To-night I asked Mac about him.

"He's a dreamer," said Mac, "and he's lazy. I am always strapping him for inattention. He's not a manly boy, never plays games, always stands in a corner of the playground."

"Does he ever fight?" I asked.

"He's a great coward, but there's one queer thing about him; when any boy challenges him to fight he goes white about the gills but he always fights . . . and gets licked."

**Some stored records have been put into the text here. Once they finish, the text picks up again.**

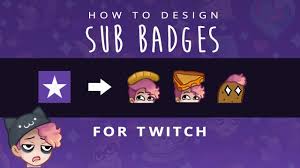 Select both circles and apply a 60% pucker by going to effect > distort & transform > pucker & bloat. How To Design Emotes For Twitch Youtube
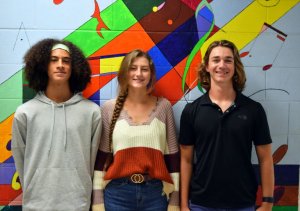 Three Local Students Selected For NYSSMA All-State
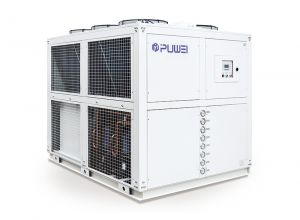 風冷式工業冷水機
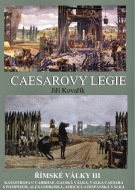 Římské války III - Caesarovy legie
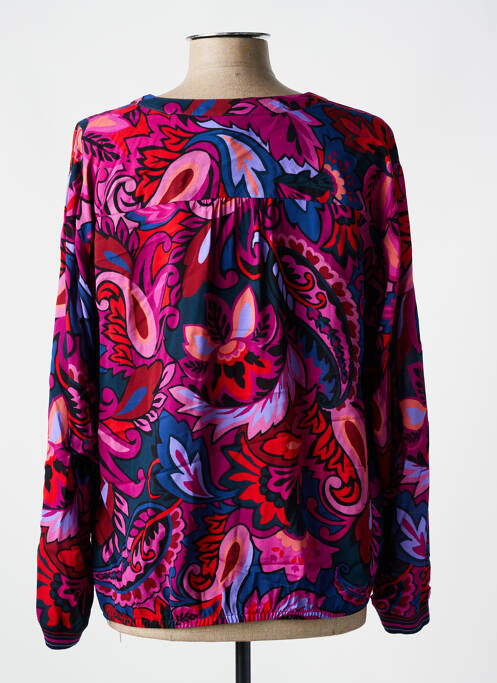 Bluză violet RABE femeie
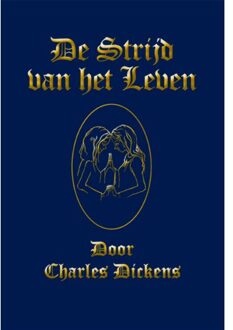 Vrije Uitgevers, De De Strijd Van Het Leven - Kerstverhalen Van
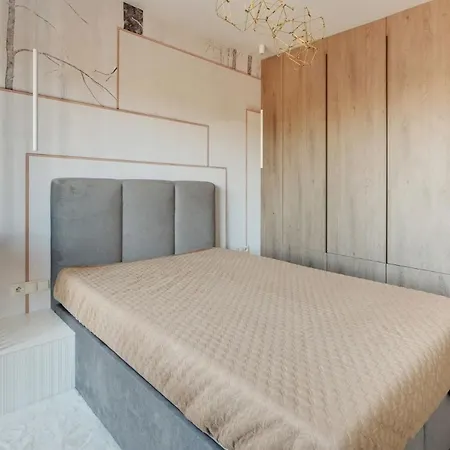 Apartment Aqua By Grand *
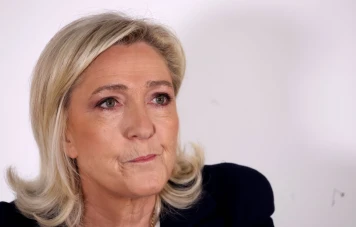 Polémique autour de la présence de Marine Le Pen à la cérémonie de Panthéonisation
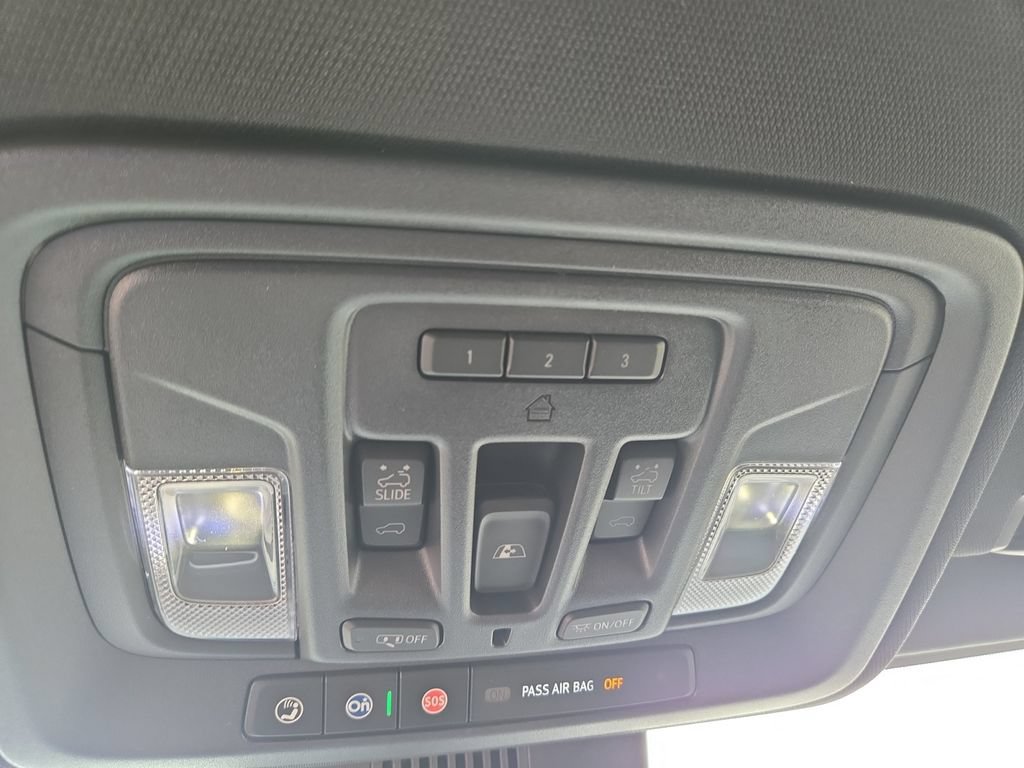 New 2026 GMC Sierra 1500 AT4 w/ Technology Package AWD/4WD image 45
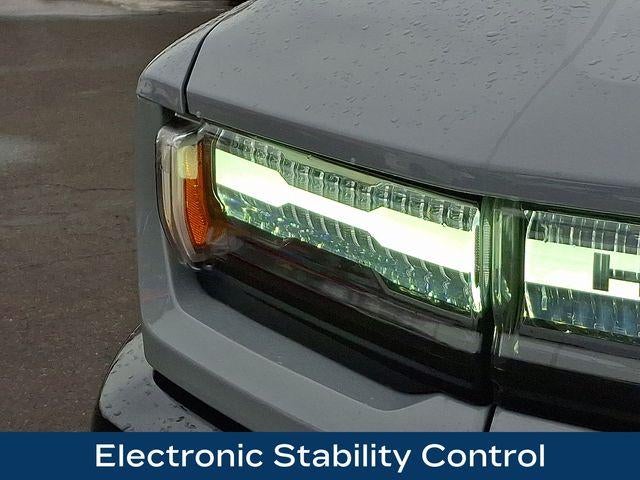 2024 GMC HUMMER EV Pickup 3X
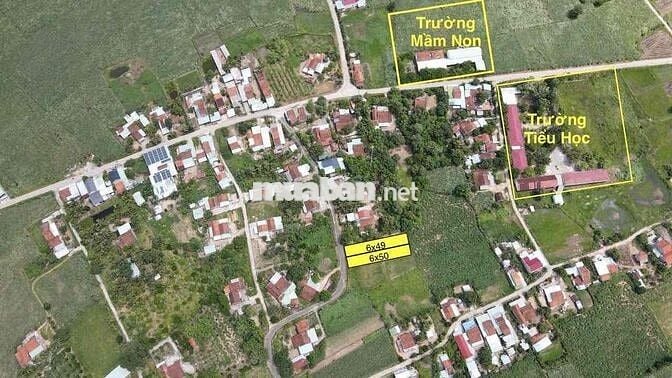 ĐẤT THỔ CƯ - ĐƯỜNG OTO NÉ NHAU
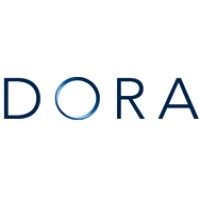 Dora International, Inc. Logo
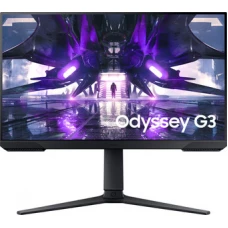 Игровой монитор Samsung Odyssey G3 LS24AG320NIXCI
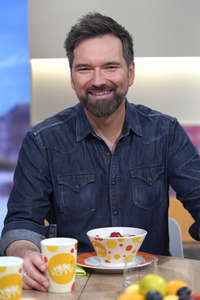 Pressetermin 'Volle Kanne' in Düsseldorf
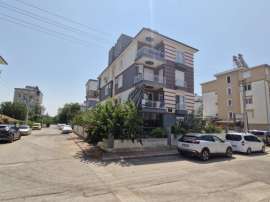 Appartement еn Kepez, Antalya - acheter un bien immobilier en Turquie - 141860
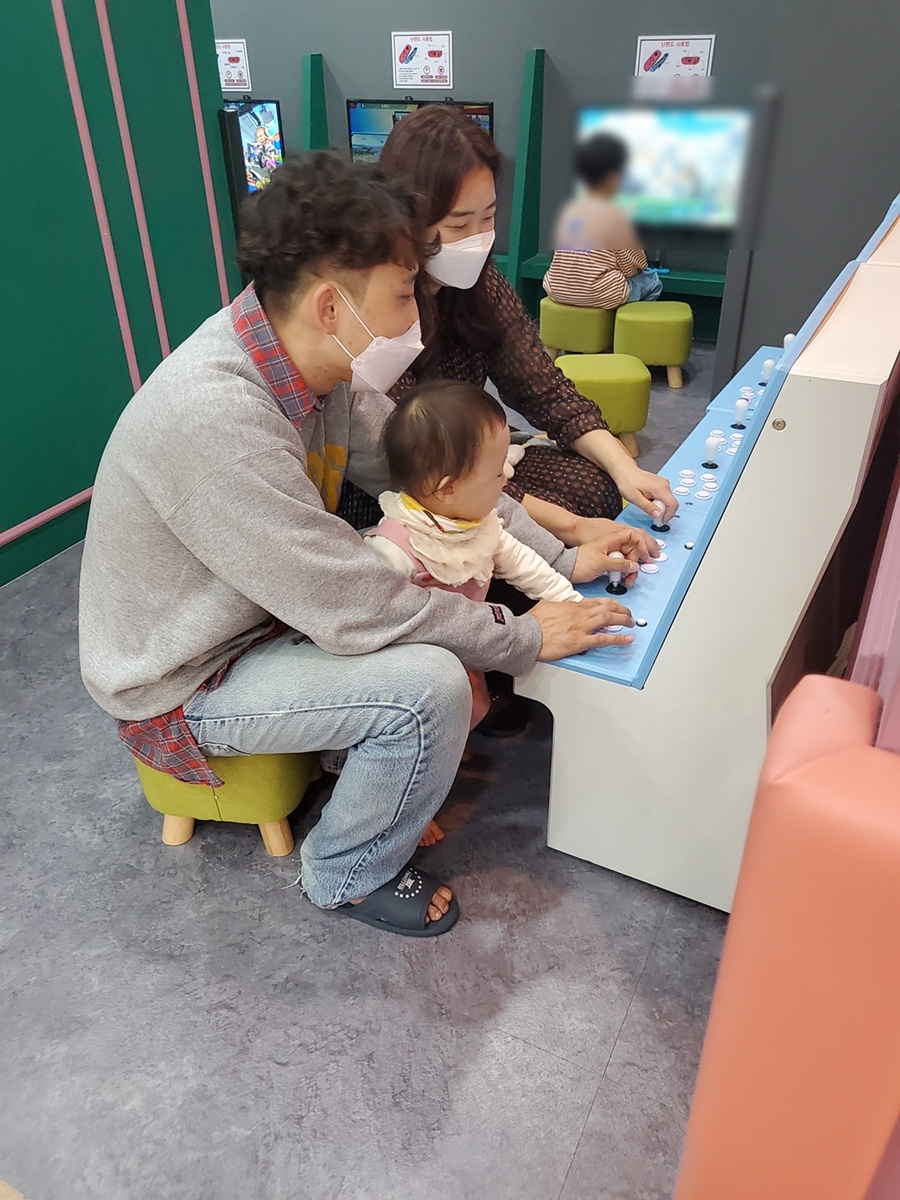 플레이몬스터 남동탄점 이미지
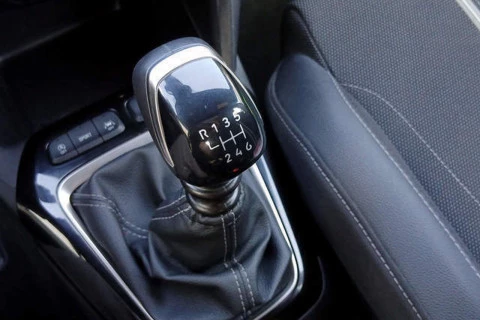 Opel Corsa 1.2T XHL 74kW (100CV) GS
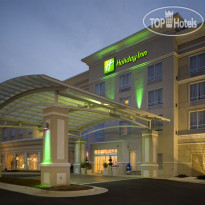 Holiday Inn Hotel & Suites Houston West - Westway Park 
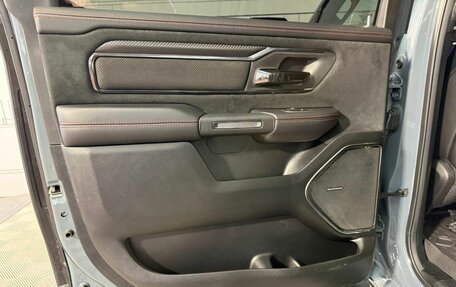 Rambler 1500, 2021 год, 11 390 000 рублей, 21 фотография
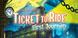 Ticket to Ride First Journey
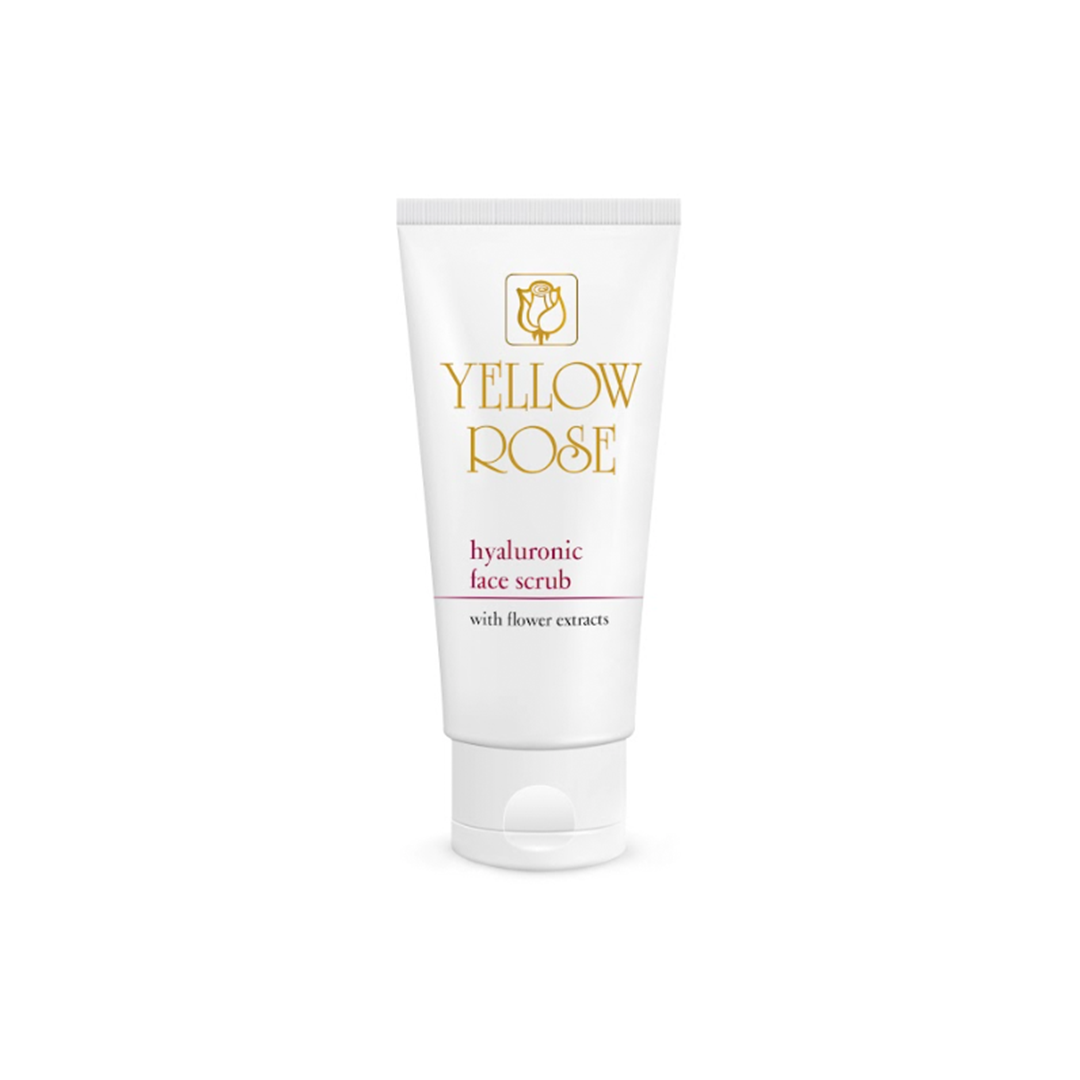 🎁 HYALURONIC SCRUB 125 ML (Discount)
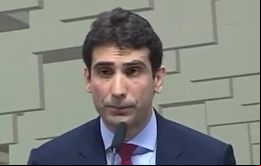 El candidato aún necesita el visto bueno del Senado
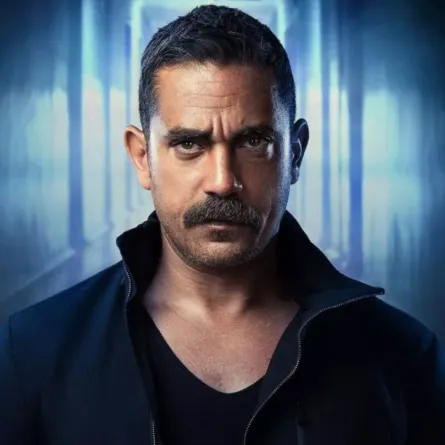 أمير كرارة - الصورة من حسابه على انستغرام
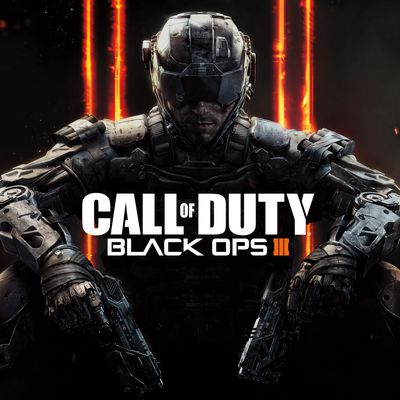 Jeux video: L' #eSport #COD en direct dans Call of Duty : Black Ops III ! #activision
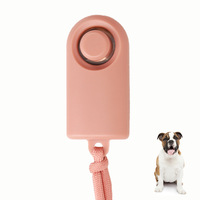 Clicker de Adiestramiento para Perros, Juguete para Mascotas, Plástico, Impermeable IPX6, para Perros, Gatos y Animales Pequeños, Éxito de Ventas Transfronterizo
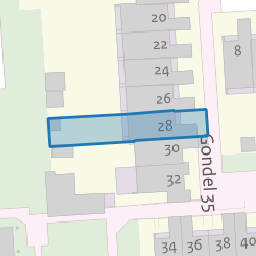 Perceel LLS00-M-5610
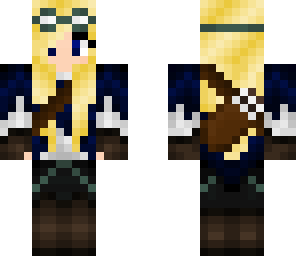 dragon tamer ashley
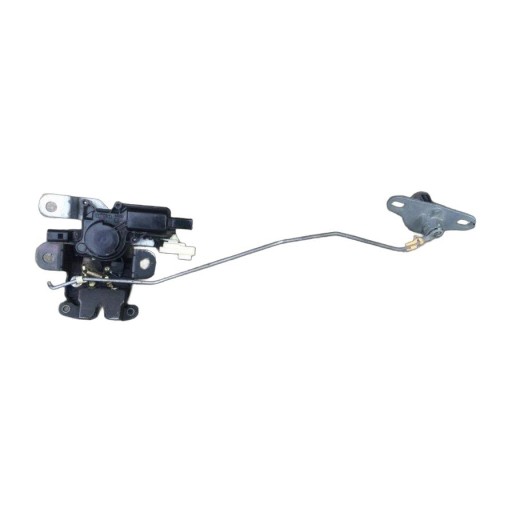lock bonnet boot Mazda RX8 B6724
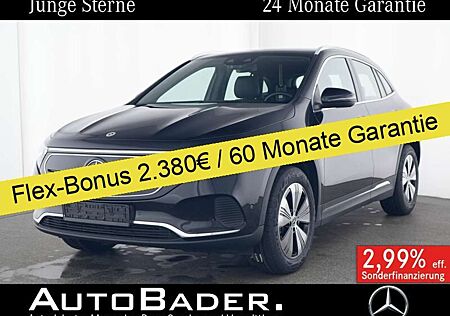Mercedes-Benz EQA 250 Advanced MBUX Park-Spgl-Pkt RFK eHe VzAs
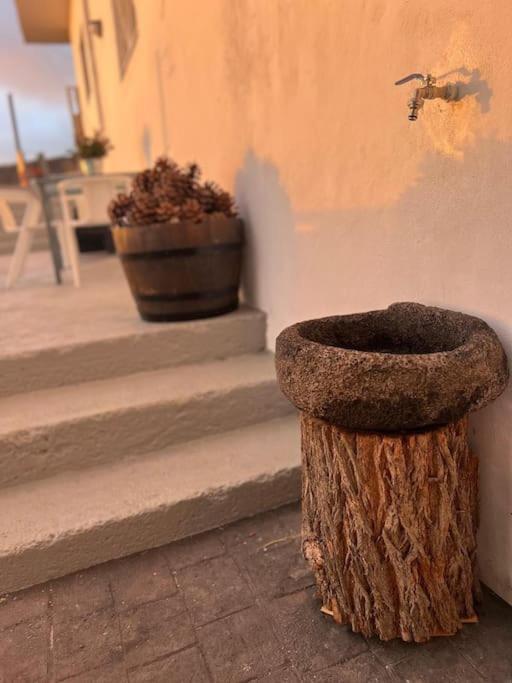 Apartamento Casa El Pino B Vera de Erque Exterior foto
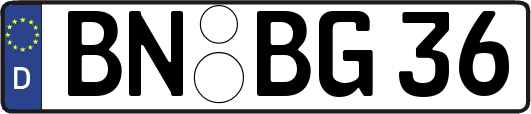 BN-BG36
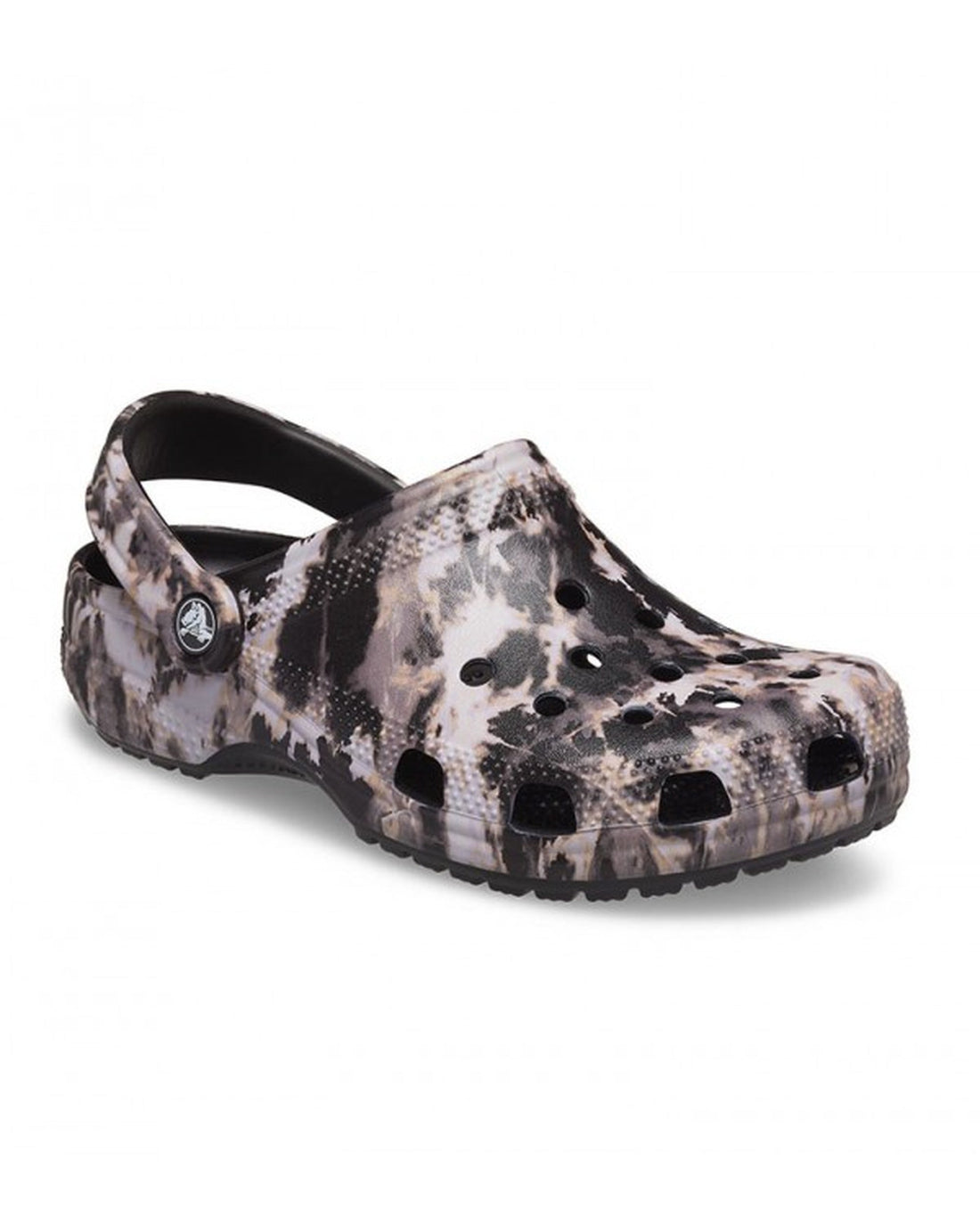 Classic-Clog-Unisex Adult-Black-207326-001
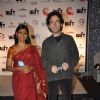 Bollywood Celebrities at film Gattu special screening at cinemax Cinemas in Mumbai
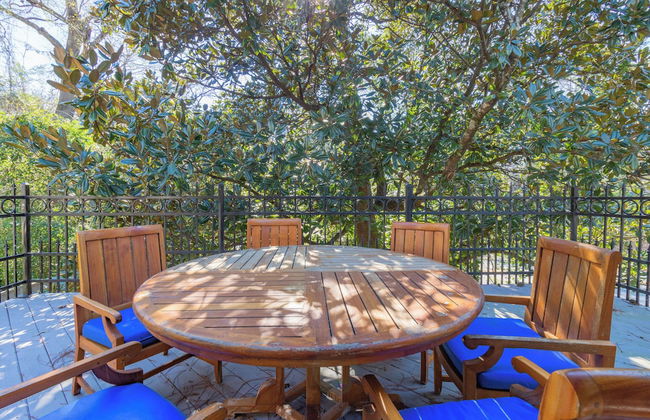 Midtown Castle - Royal in Columbus - Foto 27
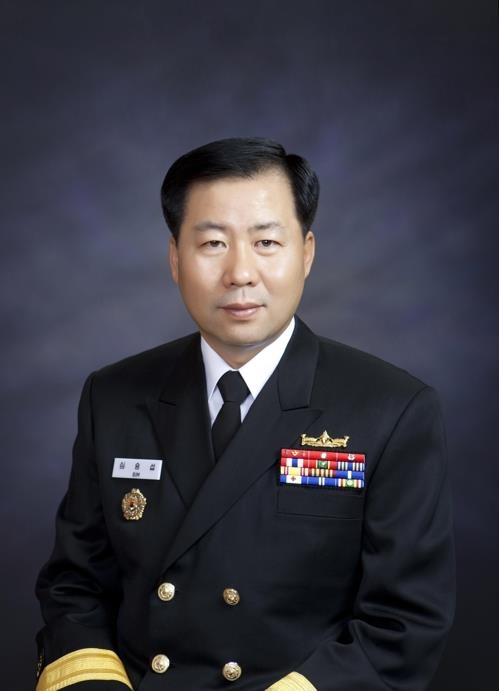韓国海軍制服組トップにシム スンソプ氏内定 海上作戦の専門家 聯合ニュース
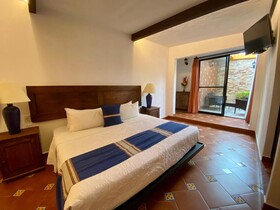 Hotel Hacienda Monteverde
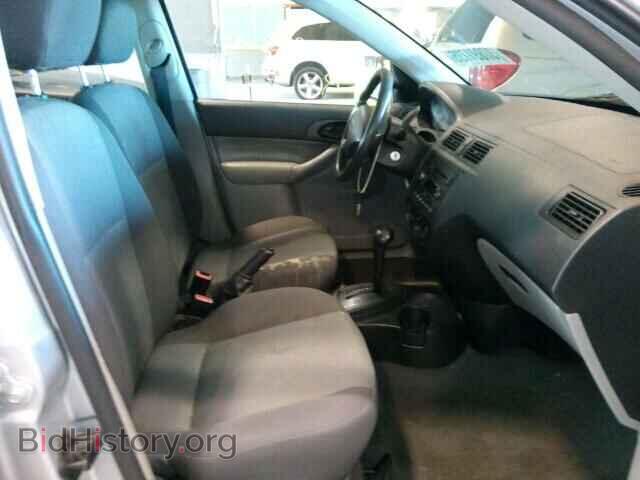2007 FORD FOCUS - VIN: 1FAFP34N47W191464 - Photo 5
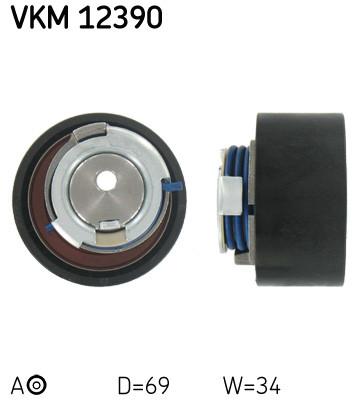 VKM 12390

"Mac," I said, "will you do me a favour? Don't whack him again; it is the worst treatment you can give him. He is a poor wee chap, and he is badly in need of real help."

"All right," said the kindly Mac, "I'll try not to touch him, but he irritates me many a time."

* * * * *

I had Geordie for an hour this morning. He was taciturn at first, but later he talked freely. He is very much afraid of his father, and he weeps when his father scolds him. This makes the father angrier and he calls Geordie a lassie, a greetin' lassie. This jeer wounds the boy deeply. He is afraid in the dark. He told me that he was puzzled about one thing; when he goes for his milk at night he is never afraid on the outward journey, but when he leaves the dairy to come home he is always in terror. I asked him what he was afraid of and he told me that he always imagined that there was a man in a cheese-cutter cap waiting to murder him.

"What is a cheese-cutter?" I asked.

"It is a bonnet with a big snout, something like a railway porter's. My father's a porter and he has ane."